A calamidade do lugar era tamanha que ele sequer conseguia chamar os pais para um almoço de domingo ou os amigos para tomarem uma cerveja enquanto passava um jogo na TV. A coisa só não era pior porque ela não descontava frustrações na aquisição de animais - "isso aqui viraria um canil", pensava desolado. Ela tivera fases: na atlética, ela salvara a loja de aparelhos para ginástica da falência e inutilizara o quarto que seria do filho que nunca veio. Na de livros, o sebo da esquina tinha de renovar o estoque diariamente e o acervo (se é que pode ser chamado assim) ia de J.K. Rowling a livros de autoajuda. Contraditoriamente, um dos livros era algo como "Dez passos para livrar-se do consumismo". É melhor nem falar nada sobre as outras fases porque o assunto seria sobre todos os setores de uma loja de departamento.

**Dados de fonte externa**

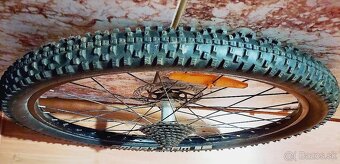 Kompletné kvalitné kolesá na bicykel. - 9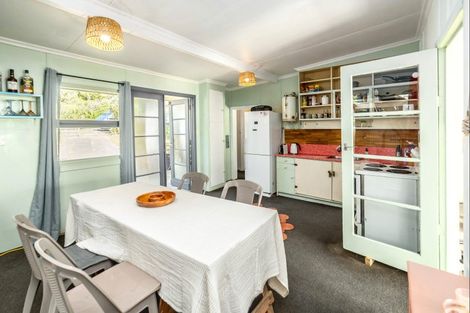 Photo of property in 1598 Cape Palliser Road, Cape Palliser, Featherston, 5772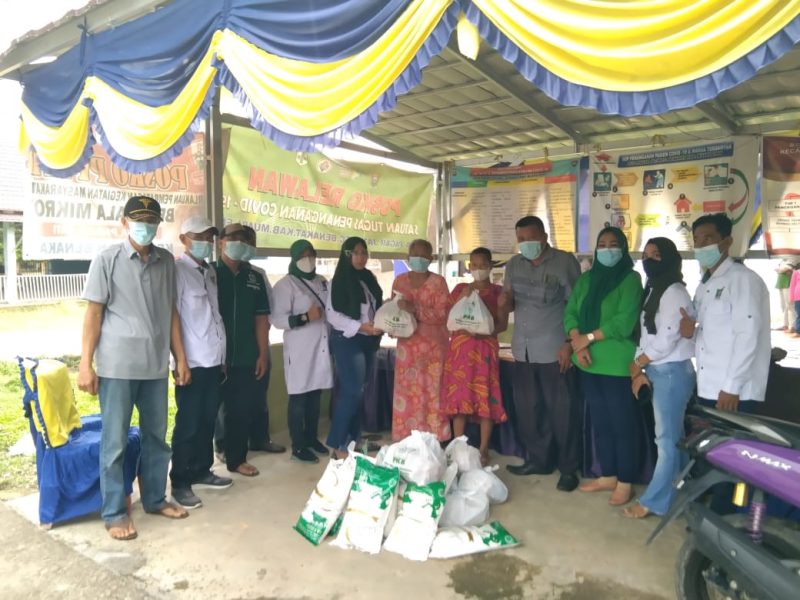 DPC PKB Muara Enim memberikan bantuan terhadap masyarakat yang terdampak COVID dan PPKM berupa kebutuhan pangan pokok makanan seperti, beras, minyak goreng, gandum dan lainnya. Beberapa wilayah yang dikunjungi, wilayah Benakat meliputi Pagar Dewa dan Pagar Sari.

Aquele dia era a sua última esperança de fazer algum programa que não se resumisse a compras. Ele não pensou duas vezes: pegou uma cesta, uma toalha que mais parecia a camisa da Croácia, algumas frutas, pães e um bom vinho chileno, virou para a mulher e disse: "vamos fazer um piquenique". "Vamos passar no mercado, né?", perguntou a mulher, já fazendo planos para comprar algum produto inútil. "Nem fodendo, amor", retrucou, sem conseguir esconder a frustração. Mesmo assim, eles foram.

O plano dele era fazer uma rota alternativa, sem passar por perto de nenhum shopping, loja ou algo do gênero. Aquela seria uma missão das mais difíceis, mas ele daria conta. Ou achava isso, pelo menos. Mas ele cometeu um erro mortal: confiou no GPS e, num descuido, entrou em uma rua pouco conhecida que dava de cara com o shopping center próximo à sua casa. "Amor, quero entrar! Preciso fazer compras de Natal!", dizia ela, histérica e euforicamente. "Quero entrar! Quero entrar!", começava a gritar.

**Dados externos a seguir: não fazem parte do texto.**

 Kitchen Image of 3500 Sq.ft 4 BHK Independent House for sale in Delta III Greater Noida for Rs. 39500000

Ele não conseguia esconder a desolação e algumas lágrimas furtivas escaparam de seus olhos - parecia algo insano para qualquer pessoa, mas aquilo corroía sua alma e sua paz de espírito dia após dia. E ela, tal qual um urubu no lixão, nem reparou na cara de desespero de seu parceiro.

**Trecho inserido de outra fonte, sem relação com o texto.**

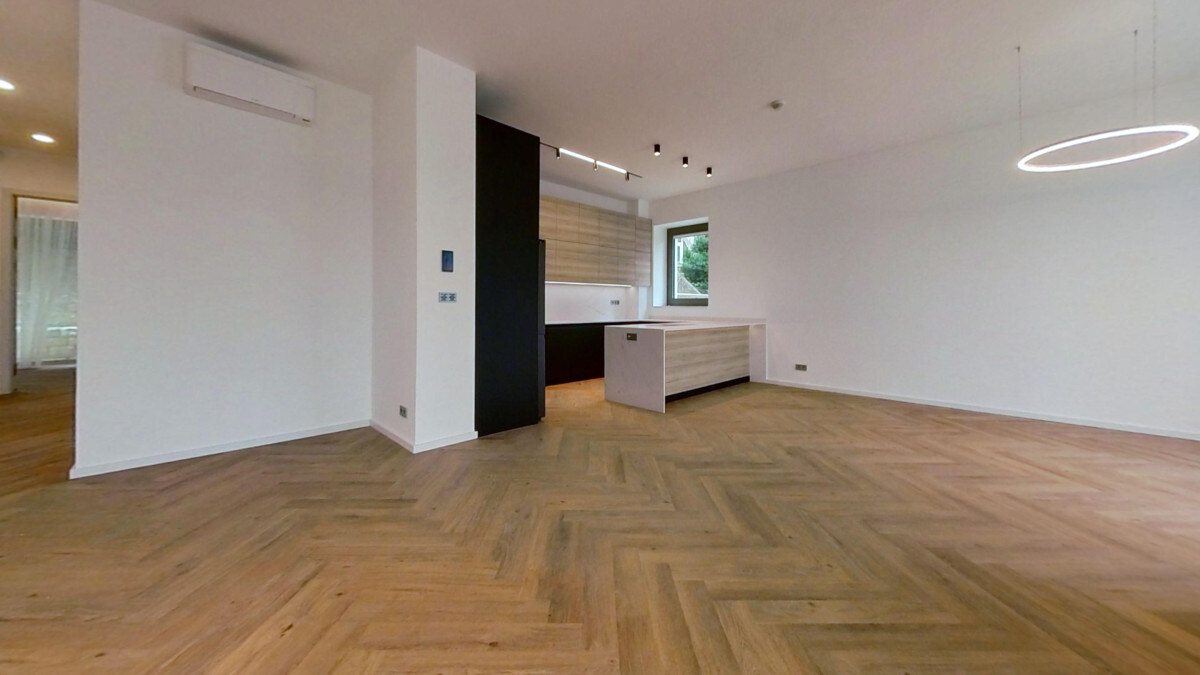 Nadštandardný klimatizovaný 5i byt 160 m2 + záhrada 100 m2, Holubyho ul. — foto 4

Era impossível andar mais de cem metros sem entrar numa loja. Cada visita era traduzida em sacolas e mais sacolas: sapatos, vestidos, capas para smartphone, bolsas e até mesmo uma caixa de lápis de 36 cores estavam nas mãos dele (nem fodendo ela seguraria uma sacola, é claro). Enquanto ela se comportava tal qual uma criança uma loja de brinquedos, o refrão de "Realismo Convincente", do Mombojó, martelava em sua cabeça: "eu preciso sair daqui, eu preciso parar de mentir, eu preciso salvar o mundo mesmo que não ganhe nada com isso, não". Estava foda viver. Com ela, em especial. E ele estava decidido em pedir o divórcio logo que eles chegassem ao apartamento (ou depósito, como preferirem).

Enquanto ele estava perdido em pensamentos, ela começou a arrastá-lo justamente para a loja mais movimentada daquele shopping. "Vamos, amor!", ela falava. "Chega! Não vou entrar nessa porra de loja! Cansei de ser cúmplice da sua loucura. Não dá mais!", gritava, enquanto tentava separar sua mão da dela. Claro, isso chamou a atenção de quem estava ao redor deles. Após mais algumas trocas de acusações, ele, em um ato de desespero, saiu correndo e pulou grade abaixo. Seu corpo levou dez segundos para ir do quarto andar ao chão e causar impacto oco, porém brutal. Ele comprara sua liberdade daquele mar de inutilidade. Para completar, à vista.